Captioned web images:
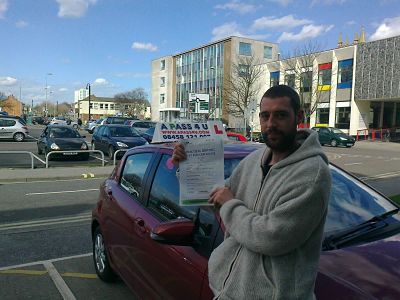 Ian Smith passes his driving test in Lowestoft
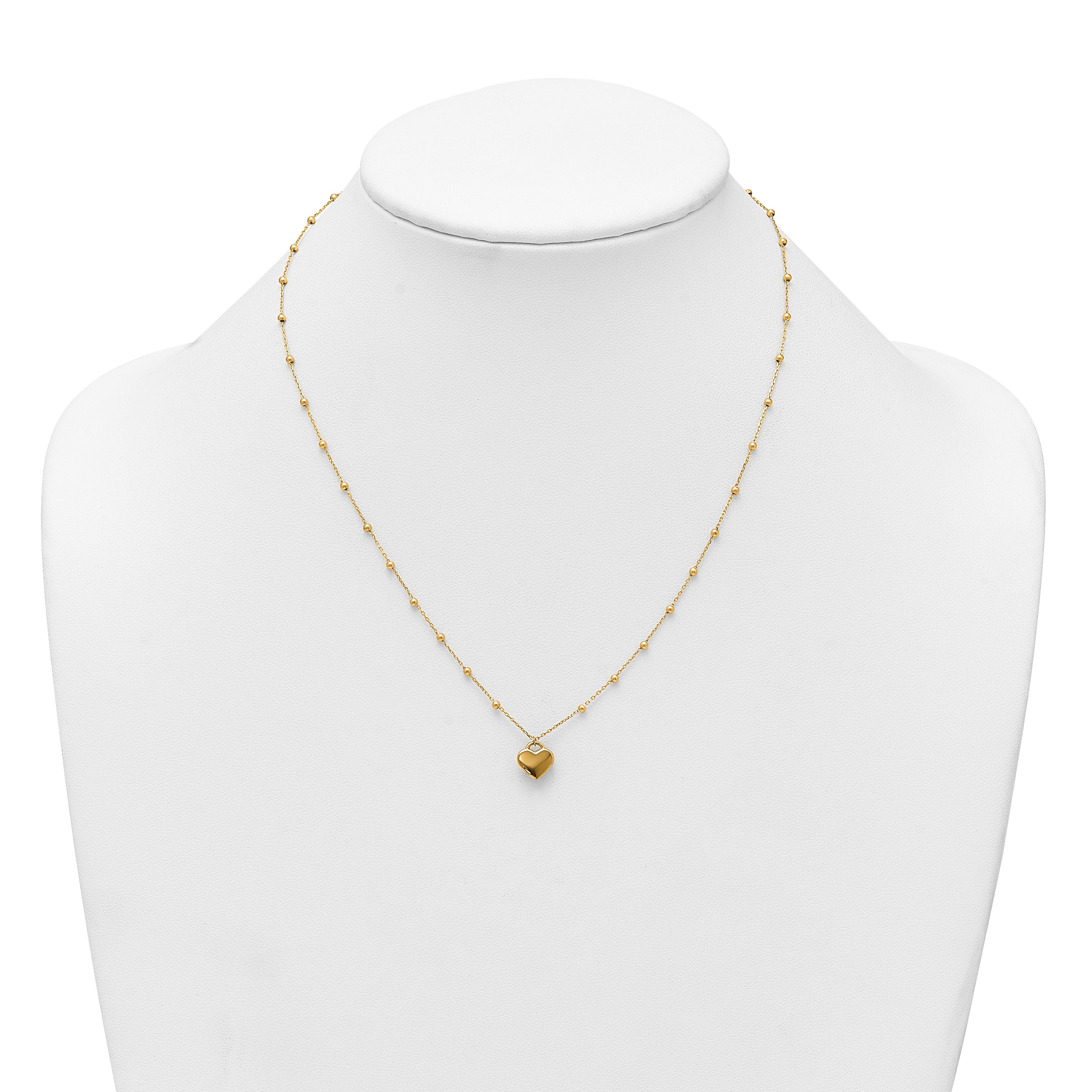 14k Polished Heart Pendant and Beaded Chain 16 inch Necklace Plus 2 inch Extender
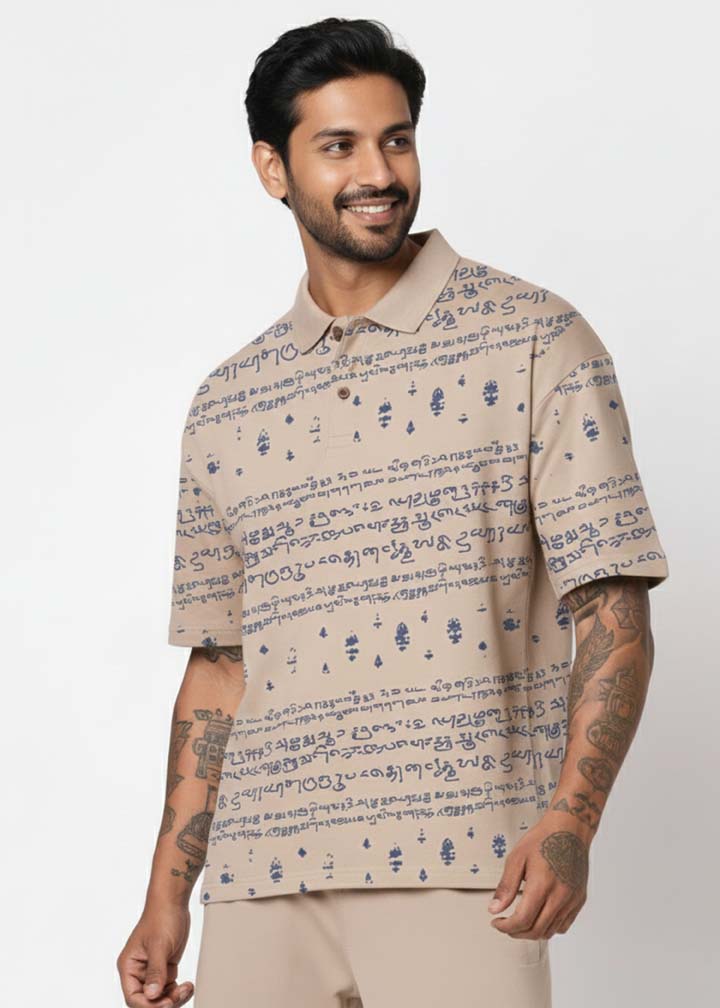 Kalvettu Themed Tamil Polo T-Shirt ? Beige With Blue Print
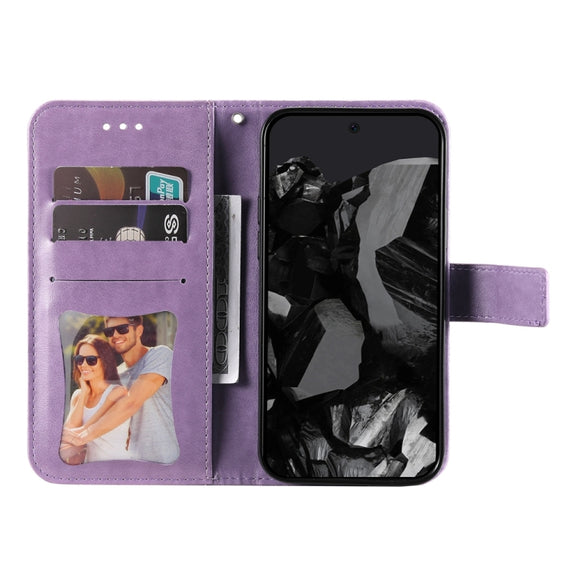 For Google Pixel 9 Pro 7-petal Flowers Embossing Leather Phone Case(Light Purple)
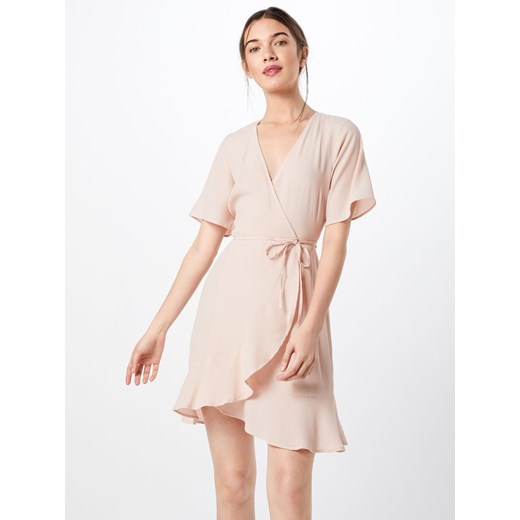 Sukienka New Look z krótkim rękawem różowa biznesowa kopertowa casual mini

▸ How to complete this task: Carry over each record above character for character, with the pictures left out.

▸ Result of this exercise:
 Ian Smith passes his driving test in Lowestoft
 14k Polished Heart Pendant and Beaded Chain 16 inch Necklace Plus 2 inch Extender
 Kalvettu Themed Tamil Polo T-Shirt ? Beige With Blue Print
 For Google Pixel 9 Pro 7-petal Flowers Embossing Leather Phone Case(Light Purple)
 Sukienka New Look z krótkim rękawem różowa biznesowa kopertowa casual mini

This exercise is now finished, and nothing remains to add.